The mood was business-like but friendly for the 10th Annual SPE ACCE in Troy, Michigan, USA, on 15-16 September. There were 397 people in attendance to listen to 51 speakers, 7 keynote addresses, and 1 panel discussion. Gone were last year’s shock from the great recession and musings if the worst was over, to be replaced with business plans and reports of the progress that had been made to date.
Most of the papers addressed improvements in processes for producing composite materials and for improvements in modelling techniques, while green and new products/materials were also discussed. Keynote speakers began with a description of the dynamics of the recovery in the economy in general and the recovery of the auto industry in particular and then concentrated on carbon fibre and modelling. The panel discussion proved very interesting and initiated a conference-wide debate on the state of composite properties modelling.
Mike Jackson, IHS Automotive, the first keynote speaker, indicated there’s a shifting business model and, while the US and European economies of the past 20 years had been built on debt accumulation, the future will be built on demand. The economic growth for the next 5 years will be led by Brazil, India and China, while growth will be slow in the US, Japan, and the EC. The car industry experienced an especially long expansion for 15 years prior to 2008. He predicted that this could be followed by a protracted contraction that we are experiencing now. He indicated that global platforms and system commonality are the new enablers. He expects the marketplace to be dominated by medium to small cars and crossover vehicles. Electric vehicles will continue to be a niche market.

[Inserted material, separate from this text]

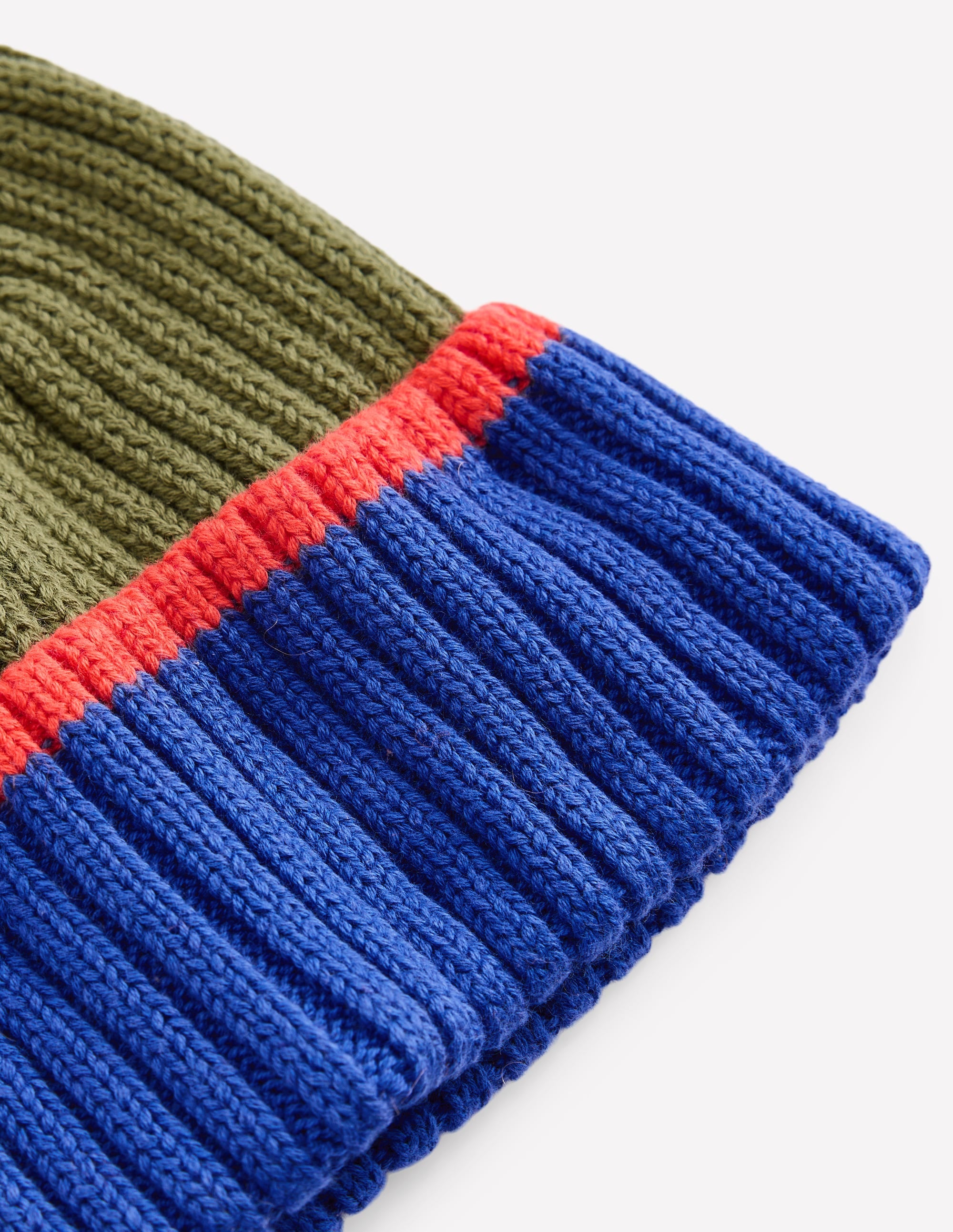 Bonnet côtelé en coton garçon-Colourblock olive - Image 2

He sees Ford surpassing its 2007 sales level and also sees good volume for the Asian Four.
There were many modelling papers and several keynote presentations addressing modelling and when the subject came up in the panel discussion, it began a conference-wide debate on the state of modelling of composite materials.
During the panel discussion the following question was asked: Given the tools we have today for a virtual prototyping … can we effectively design automobiles?... if not, what breakthroughs are needed …?”

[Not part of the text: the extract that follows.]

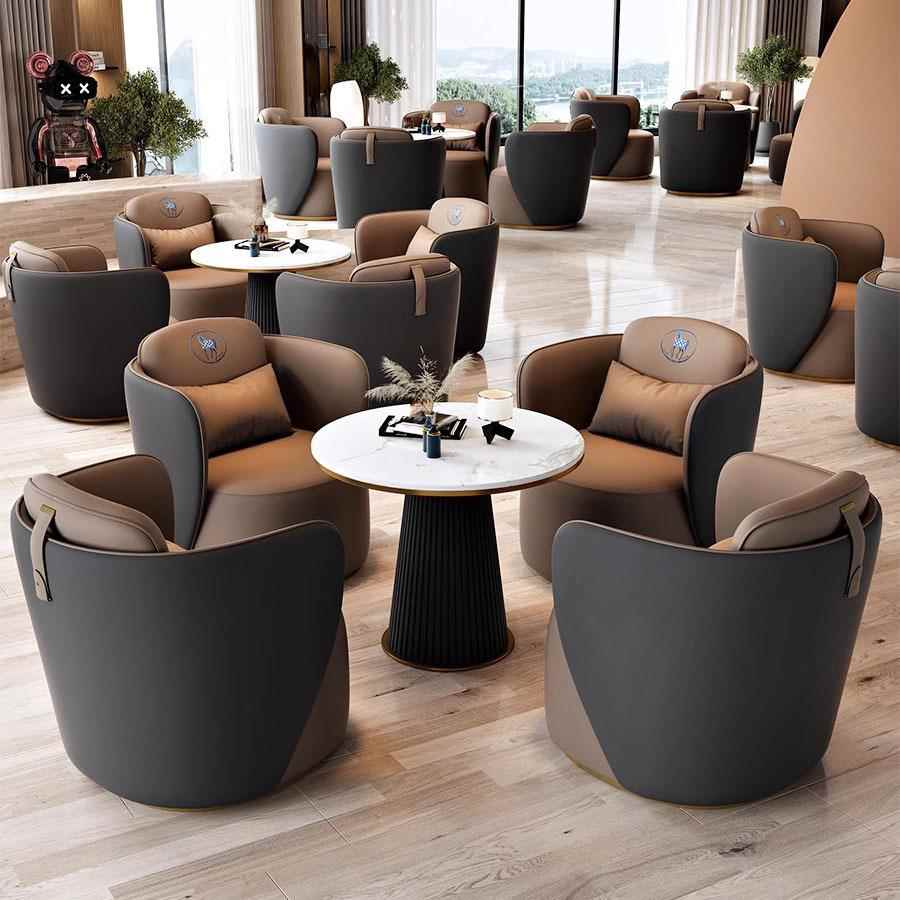 售楼处咖啡厅轻奢单人沙发酒店大堂休闲皮艺沙发办公室接待沙发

One panelist remarked that rightly or wrongly there is still a persistent doubt in the accuracy of composite models.
Antony Dodworth, Bentley Motors, added: “You know what you get with steel but with composite models you are not sure what you have until you have built it.”
Mark Voss, GM, added that each product, whether SMC, carbon fibre, glass fibre, thermoplastic or thermoset, is different and requires different modelling parameters, and this raises doubts about the quality of the modelling.
Gary Lownsdale, Plasan Carbon Composites, said it’s working with Oak Ridge National Labs (ORNL) to supply the models the industry needs. Lownsdale went on to say that the problem with modelling was that all of the current automotive commercial software models assume quasi-isotropic behaviour and this is not correct, especially in the case of crashworthiness testing. The aerospace industry uses a different set of modelling tools which are not available to the auto industry. For example, there is no modelling available for braided material. Aerospace can make highly aligned carbon fibre material which is easier to model and this is not possible for the automotive industry.
Claudio Santoni, McLaren Automotive, agreed, adding that they need a different process when they are designing with composites rather than metals.
This set of statements was surprising to many people. In 2006 at this same conference the panel lamented of the same lack of sufficient quality modelling outside of supercars and aerospace. Olivier Guillermin, Vistagy, argued that Formula One racing cars use composites extensively and because of the short timeframe between concept and production that use would be impossible without accurate predictive models. In addition James Griffing of Boeing reiterated that predicted values closely matched test values. He stated that the airplane wings were subjected to three times life testing and then further tested to failure, passing with a small amount of margin, due to excellent predictive tools.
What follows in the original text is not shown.